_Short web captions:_
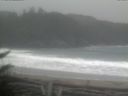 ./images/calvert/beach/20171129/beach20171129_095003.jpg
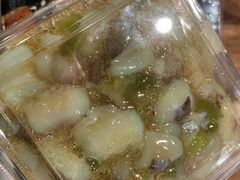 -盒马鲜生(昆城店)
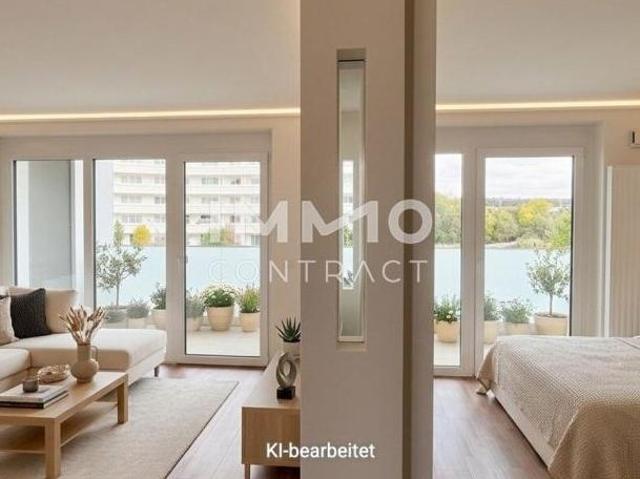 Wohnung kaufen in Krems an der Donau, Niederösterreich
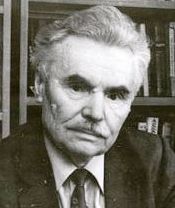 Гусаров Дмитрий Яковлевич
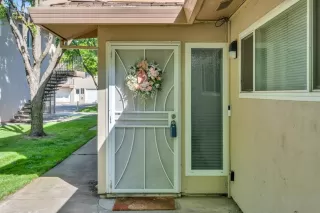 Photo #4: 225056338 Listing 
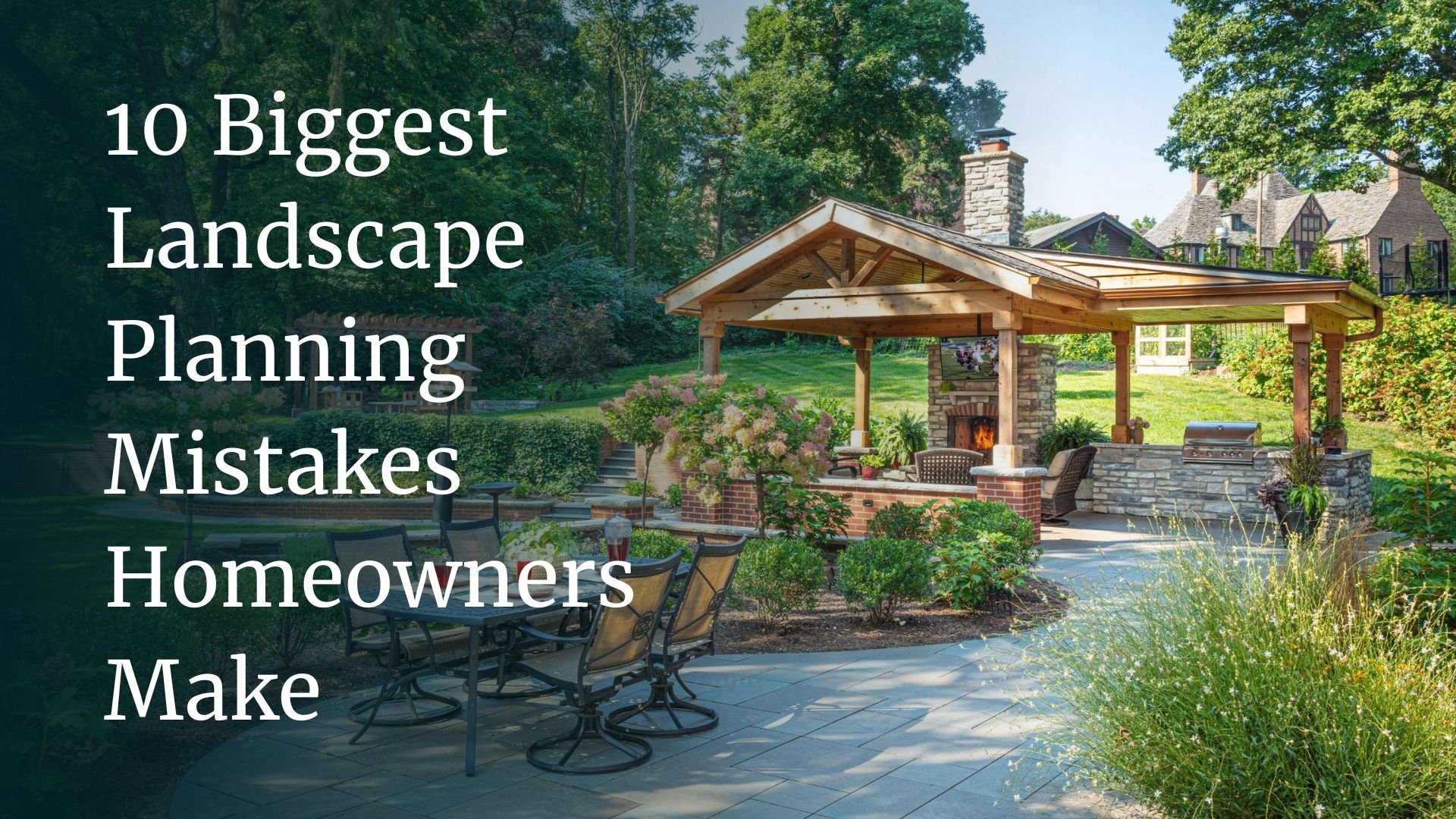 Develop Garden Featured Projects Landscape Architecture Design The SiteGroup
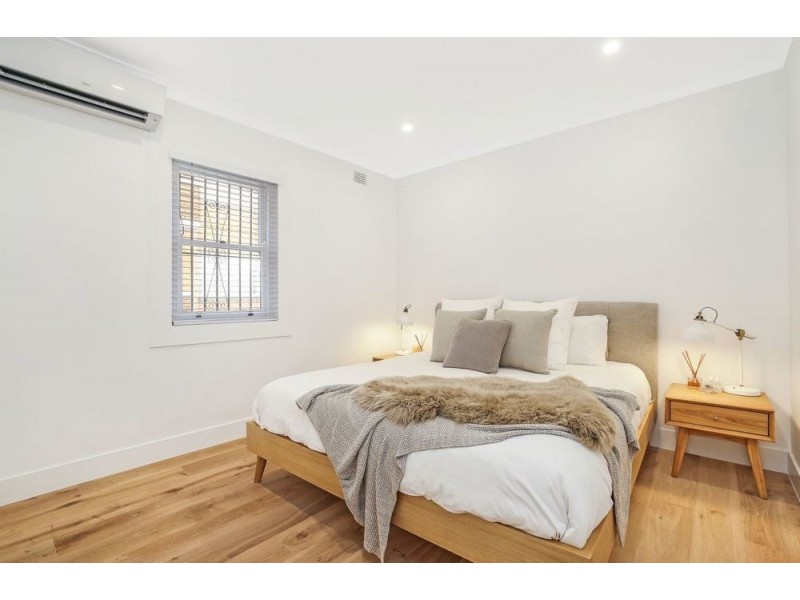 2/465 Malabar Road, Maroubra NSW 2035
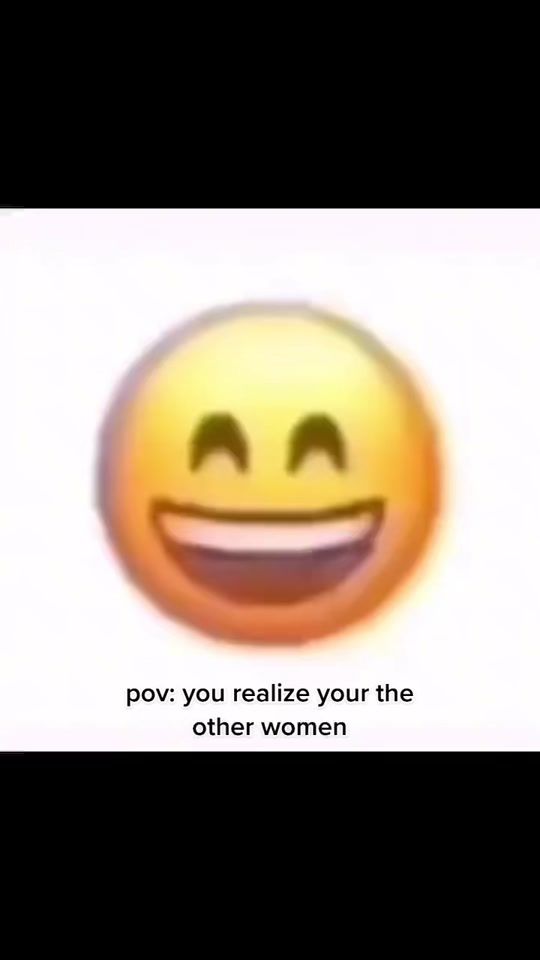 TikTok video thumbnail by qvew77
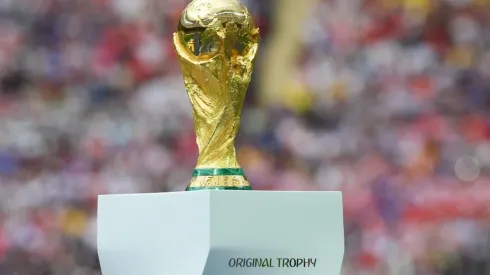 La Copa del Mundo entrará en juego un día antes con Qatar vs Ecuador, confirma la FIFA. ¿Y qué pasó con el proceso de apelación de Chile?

_Assigned task:_ Restate the records above exactly, less any pictures.

_Solution for this task:_
 ./images/calvert/beach/20171129/beach20171129_095003.jpg
 -盒马鲜生(昆城店)
 Wohnung kaufen in Krems an der Donau, Niederösterreich
 Гусаров Дмитрий Яковлевич
 Photo #4: 225056338 Listing 
 Develop Garden Featured Projects Landscape Architecture Design The SiteGroup
 2/465 Malabar Road, Maroubra NSW 2035
 TikTok video thumbnail by qvew77
 La Copa del Mundo entrará en juego un día antes con Qatar vs Ecuador, confirma la FIFA. ¿Y qué pasó con el proceso de apelación de Chile?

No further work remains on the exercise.